*** Opening of Input ***

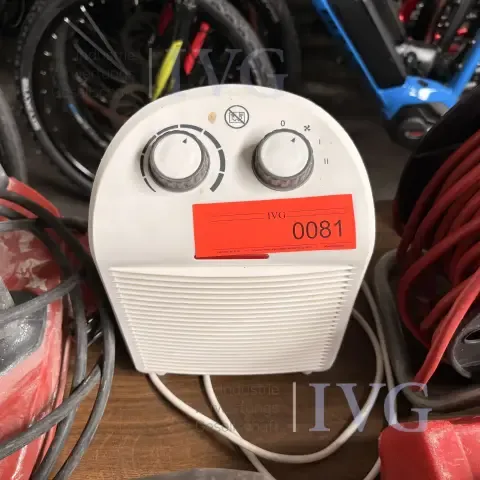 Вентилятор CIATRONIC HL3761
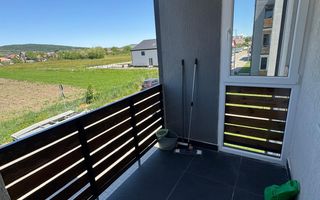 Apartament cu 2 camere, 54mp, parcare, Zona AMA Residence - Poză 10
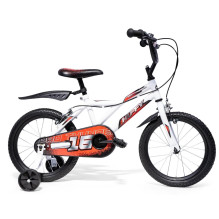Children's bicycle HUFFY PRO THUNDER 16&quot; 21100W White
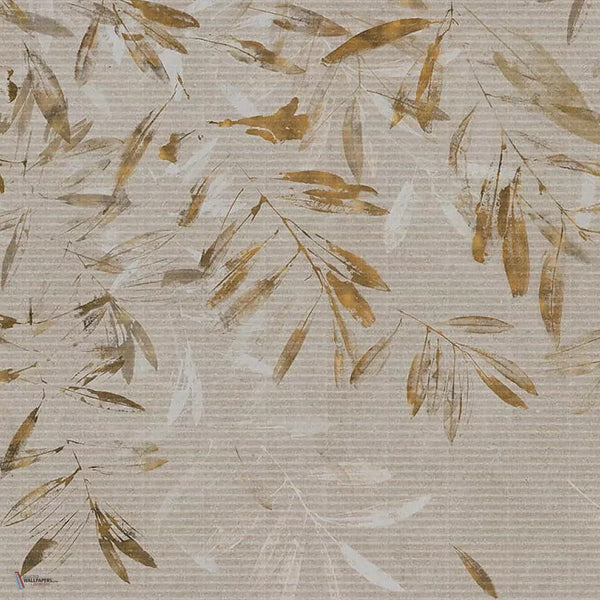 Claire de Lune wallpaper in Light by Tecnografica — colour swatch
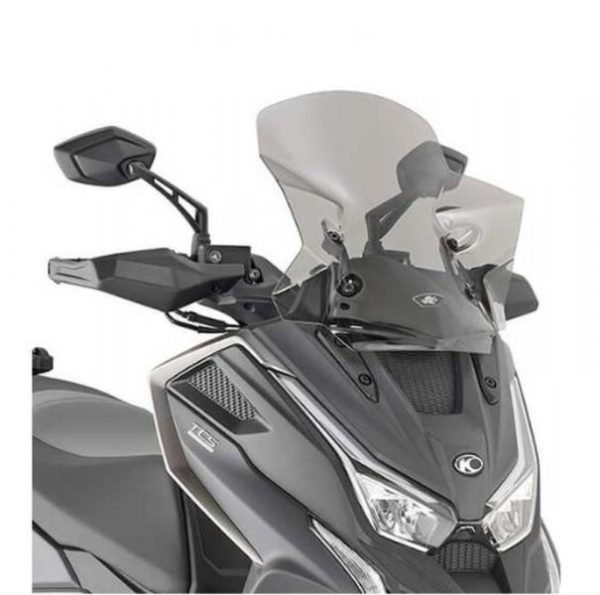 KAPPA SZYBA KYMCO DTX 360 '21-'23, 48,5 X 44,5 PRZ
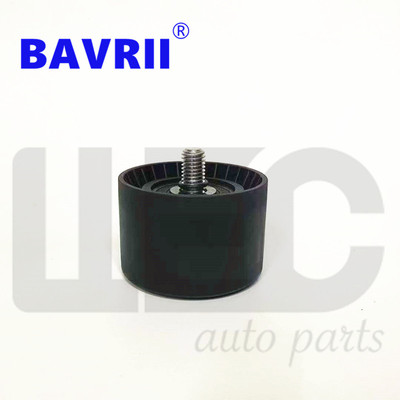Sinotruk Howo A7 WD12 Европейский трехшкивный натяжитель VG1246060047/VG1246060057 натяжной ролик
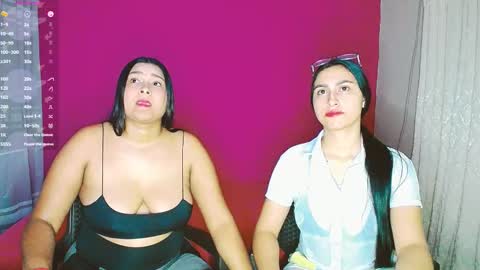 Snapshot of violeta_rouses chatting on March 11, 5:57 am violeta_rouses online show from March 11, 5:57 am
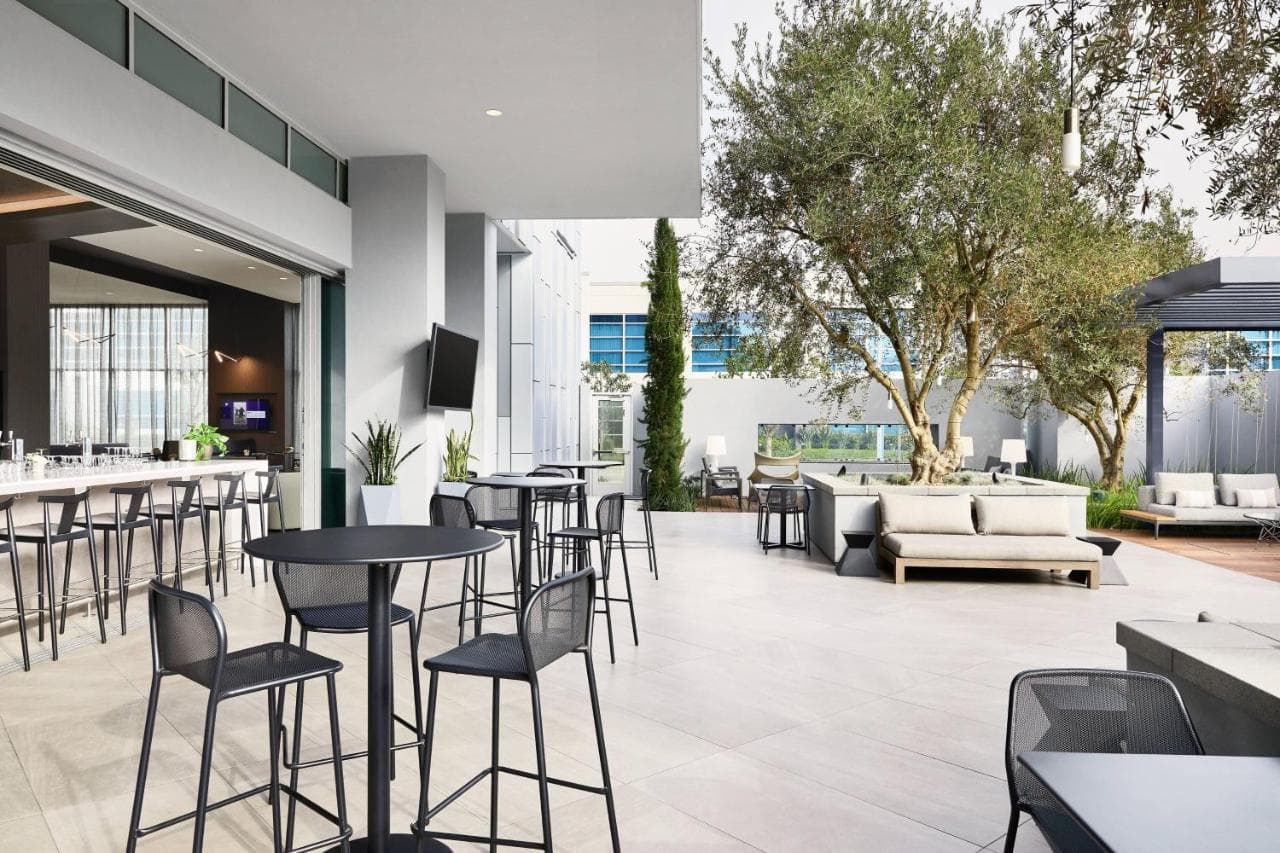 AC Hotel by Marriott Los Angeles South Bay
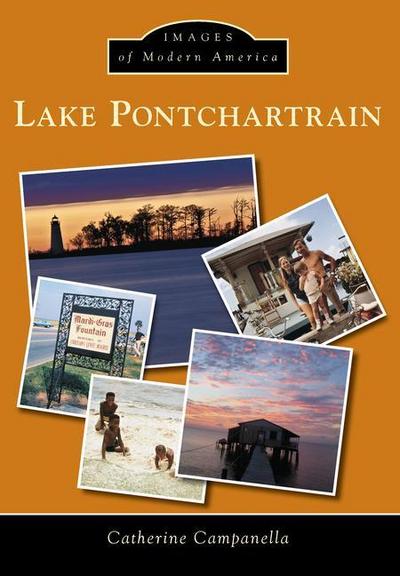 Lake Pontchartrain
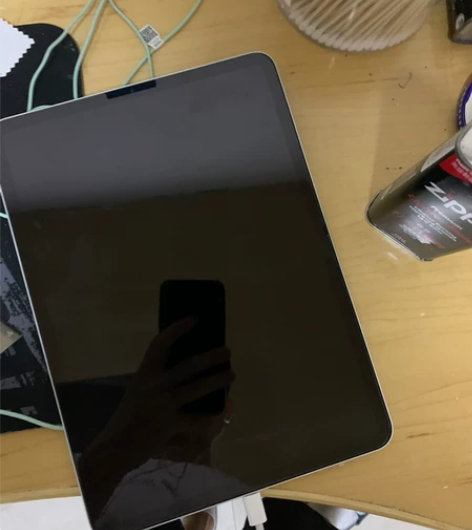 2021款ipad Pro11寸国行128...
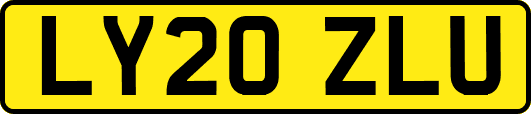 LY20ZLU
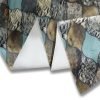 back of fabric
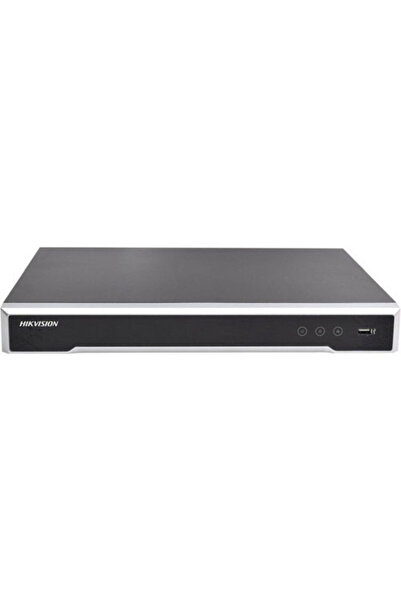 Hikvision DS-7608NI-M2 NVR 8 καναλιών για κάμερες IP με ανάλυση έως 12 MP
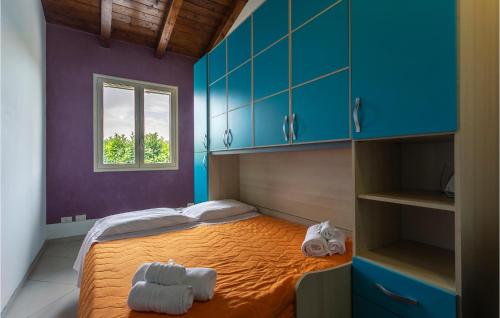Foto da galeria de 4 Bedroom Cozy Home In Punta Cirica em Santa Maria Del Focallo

*** Close of Input ***

_Task requirements:_ Give again, please, precisely the lines that begin the records and run through the line with "Hikvision DS-7608NI-M2 NVR" in it, keeping both end lines and dropping any pictures.

_Problem solution:_
 Вентилятор CIATRONIC HL3761
 Apartament cu 2 camere, 54mp, parcare, Zona AMA Residence - Poză 10
Children's bicycle HUFFY PRO THUNDER 16&quot; 21100W White
 Claire de Lune wallpaper in Light by Tecnografica — colour swatch
 KAPPA SZYBA KYMCO DTX 360 '21-'23, 48,5 X 44,5 PRZ
Sinotruk Howo A7 WD12 Европейский трехшкивный натяжитель VG1246060047/VG1246060057 натяжной ролик
 Snapshot of violeta_rouses chatting on March 11, 5:57 am violeta_rouses online show from March 11, 5:57 am
 AC Hotel by Marriott Los Angeles South Bay
 Lake Pontchartrain
 2021款ipad Pro11寸国行128...
 LY20ZLU
 back of fabric
 Hikvision DS-7608NI-M2 NVR 8 καναλιών για κάμερες IP με ανάλυση έως 12 MP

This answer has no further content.